C'est la première fois que l'UE utilise le nouveau mécanisme de suspension des exemptions de visa pour réagir aux violations des droits de l'homme ou à l'éloignement des règles de contrôle aux frontières des pays tiers avec lesquels elle accepte d'assouplir les procédures consulaires.
La mesure activée ce vendredi par la Commission européenne, après avoir reçu le feu vert des capitales, sera en vigueur pour une période d'au moins douze mois et signifie que les diplomates et fonctionnaires géorgiens devront demander un visa lorsqu'ils souhaitent voyager pour des raisons officielles vers une destination de l'espace sans frontières Schengen.
Comme l'a rappelé l'exécutif communautaire dans un communiqué, la décision répond à la violation « délibérée et persistante » par la Géorgie des engagements pris dans le cadre de son régime d'exemption de visa dans des domaines clés du respect démocratique et des droits fondamentaux.
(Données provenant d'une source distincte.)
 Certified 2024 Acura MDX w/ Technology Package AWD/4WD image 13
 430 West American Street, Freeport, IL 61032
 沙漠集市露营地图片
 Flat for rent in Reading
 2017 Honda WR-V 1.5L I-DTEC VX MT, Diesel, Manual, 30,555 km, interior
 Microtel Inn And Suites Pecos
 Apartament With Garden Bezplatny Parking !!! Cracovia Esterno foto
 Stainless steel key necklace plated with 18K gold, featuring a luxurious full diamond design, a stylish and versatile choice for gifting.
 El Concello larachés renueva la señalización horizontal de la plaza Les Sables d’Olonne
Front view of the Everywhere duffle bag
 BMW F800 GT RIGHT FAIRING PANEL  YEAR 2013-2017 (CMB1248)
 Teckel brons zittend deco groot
« Les actions des autorités géorgiennes depuis octobre 2024, notamment la répression contre les manifestants, les hommes politiques de l'opposition et les médias indépendants, ont eu un impact négatif sur la situation en Géorgie et ont provoqué des violations de plusieurs droits fondamentaux et normes juridiques internationales », résument les services communautaires pour expliquer la mesure. En outre, expliquent-ils, la Géorgie a également refusé de s'aligner sur la politique des visas de l'UE, bien que cela soit une condition essentielle pour maintenir l'exemption de visa.